Furthermore, the service identifies relatives who may also be at risk of genetic conditions, providing essential information for individuals of childbearing age who want to understand their chances of passing on conditions that could result in blindness.

OGS collaborates with institutions like KK Women’s and Children’s Hospital to assist families in exploring reproductive alternatives, including IVF with pre-implantation genetic diagnosis and prenatal testing.

In addition to genetic services, OGS also connects new families to support groups, resources, and psychosocial services to help them cope with the emotional and practical challenges posed by managing a genetic condition.

Moreover, OGS is spearheading the development of new treatments specifically targeting diseases prevalent in Singapore, with the hope of restoring vision for certain patients. Dr. Fenner emphasized the importance of a home-grown approach, noting that therapies designed for other populations might not be effective for Singaporeans due to genetic differences.

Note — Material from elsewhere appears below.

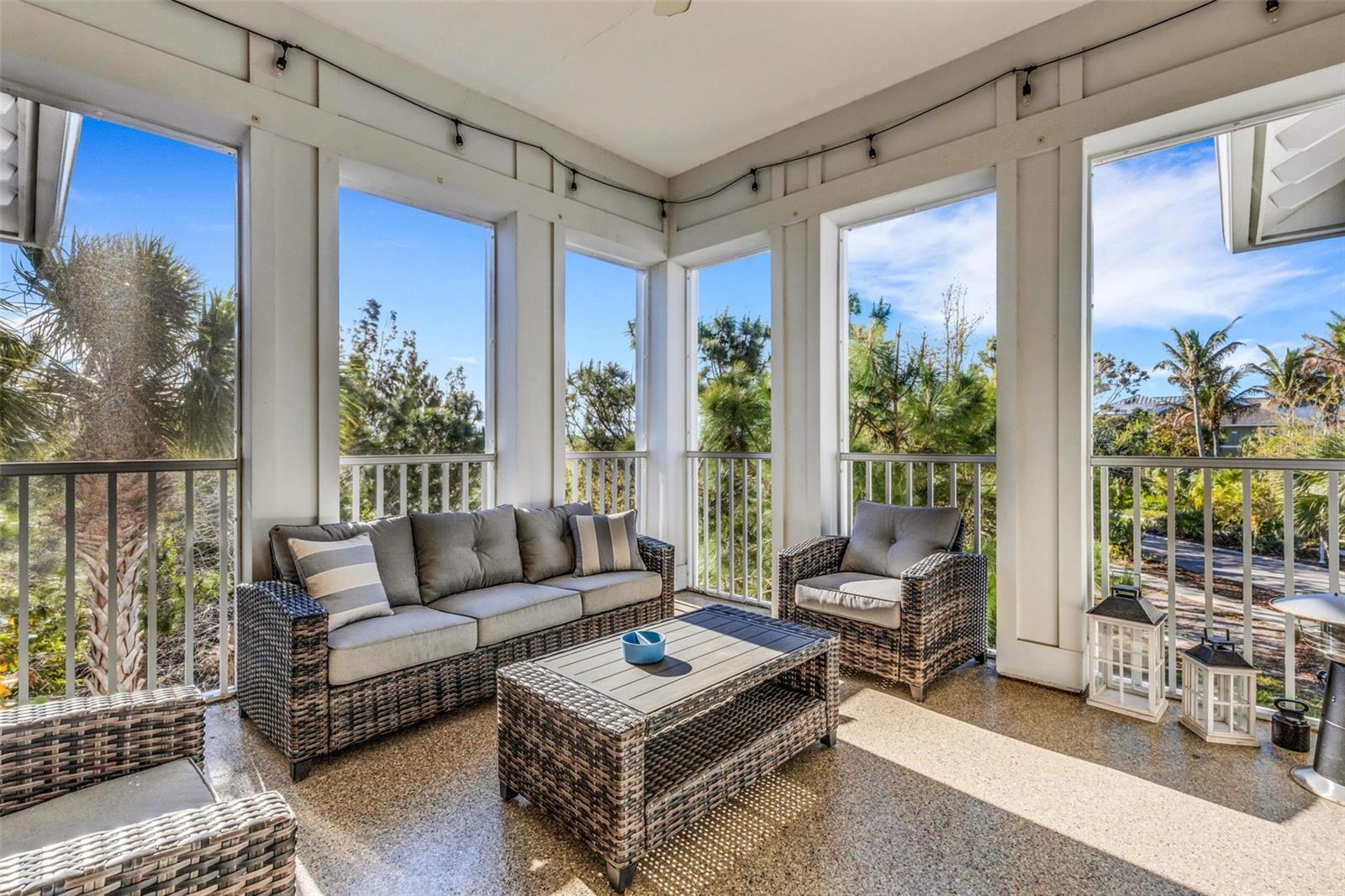 MANGROVE WALK ON HARBOUR ISLE PH 30 - Residential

A compelling case highlighting the importance of this service is that of 4-year-old Elliot Koh, diagnosed at barely four months old with Leber congenital amaurosis (LCA), rendering him completely blind. Despite LCA being a recessive genetic condition, his family had no previous history of the disease. Elliot’s father was later discovered to be a carrier, revealing the nuances and complexities of genetic conditions.

The Koh family’s journey underlines the critical role of genetic testing, demonstrating how it often captures rare conditions that regular tests miss. After Elliot’s diagnosis, they were informed about a 25% chance of having another child with LCA, which afflicts one in 100,000 individuals.

Participating in ongoing research into inherited retinal diseases, Elliot's family sees value in contributing to data collection, even if a cure remains elusive for their child. “We recognize the importance of research. It may not directly benefit our child, but it could pave the way for future treatments,” his mother, Koh Wei Shi, shared.

Although the chances of a rapid breakthrough are slim, she firmly believes that every contribution counts. By adding their data to the pool, they hope to inspire change for future generations.

The Ocular Genetics Service at SNEC represents a beacon of hope for those grappling with genetic eye conditions, marking a significant step forward in personalized care and research in Southeast Asia.